ハッとなった。アイラが動揺するオレの手を取って、おずおずと胸元に運んでいくのがわかったからだ。覚悟を秘めた表情から、色気を伴ったため息が漏れ、オレの耳元をくすぐった。
「アイラ……」
「た、タスク……」
どちらともなく名前を呟く。程なくして、布越しに伝わる柔らかな感触と鼓動。後者はアイラのものなのか、オレのものなのかわからない。
わかるのは、うるんだ眼差しがはっきりとオレの顔を捉えているということだけで……。
たまらずある衝動に駆られたオレは、もう一方の手を伸ばす。そしてアイラの背中へと腕を回した、その瞬間――。
「たっだいま~☆」
陽気な声とともにリビングへ姿を見せたのはベルで、ギャルギャルしい格好のダークエルフは硬直したオレたちを見るなり、ニヤニヤとした眼差しを向けるのだった。

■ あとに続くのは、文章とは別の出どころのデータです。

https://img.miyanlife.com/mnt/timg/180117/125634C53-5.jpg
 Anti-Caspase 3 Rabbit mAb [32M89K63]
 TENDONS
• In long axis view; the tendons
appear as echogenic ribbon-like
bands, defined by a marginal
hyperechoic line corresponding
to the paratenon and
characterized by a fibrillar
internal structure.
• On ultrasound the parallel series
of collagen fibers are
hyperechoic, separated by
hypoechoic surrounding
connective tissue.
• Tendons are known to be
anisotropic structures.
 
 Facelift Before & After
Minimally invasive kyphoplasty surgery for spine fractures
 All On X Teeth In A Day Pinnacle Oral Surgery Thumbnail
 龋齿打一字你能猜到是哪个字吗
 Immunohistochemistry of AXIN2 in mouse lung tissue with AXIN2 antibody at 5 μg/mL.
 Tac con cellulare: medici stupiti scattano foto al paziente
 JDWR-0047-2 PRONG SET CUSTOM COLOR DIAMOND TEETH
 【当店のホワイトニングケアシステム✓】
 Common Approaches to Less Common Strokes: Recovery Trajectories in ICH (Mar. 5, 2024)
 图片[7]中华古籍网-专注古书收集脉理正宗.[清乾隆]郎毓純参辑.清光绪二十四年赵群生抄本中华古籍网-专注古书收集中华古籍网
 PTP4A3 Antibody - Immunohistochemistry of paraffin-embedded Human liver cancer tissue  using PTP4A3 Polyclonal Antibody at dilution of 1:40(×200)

「あっれー♪ もしかして、ウチお邪魔だったとかあ?」
「ち、違うぞ、ベル! これはそういうんじゃなくて!」
「そ、そうじゃぞ! か、勘違いするで」
「た、ただいま帰りました……って、ど、どうかされたんですか?」
さらにエリーゼが加わることで、事態はいよいよ収拾がつかなくなっていく。結局は、いつもと同じ騒がしい光景が繰り広げられるのだった。
「あっ☆ タックンさえ良ければ、ウチも一緒に参加したいっていうかー」
「参加ってなんだ!?」
「そ、そういうことでしたら、わ、ワタシもご一緒に」
「ご一緒にじゃない!」
……『再構築』の話題はどこへいってしまったのか、オレ自身にもよくわからない結末を迎えたのだが。
後日談として、ロングテールシュリンプは『再構築』を使うと簡単に殻剥きできるという事実だけは追記しておこうと思う。へえ、背わたも一緒に取れるもんなんだねえ。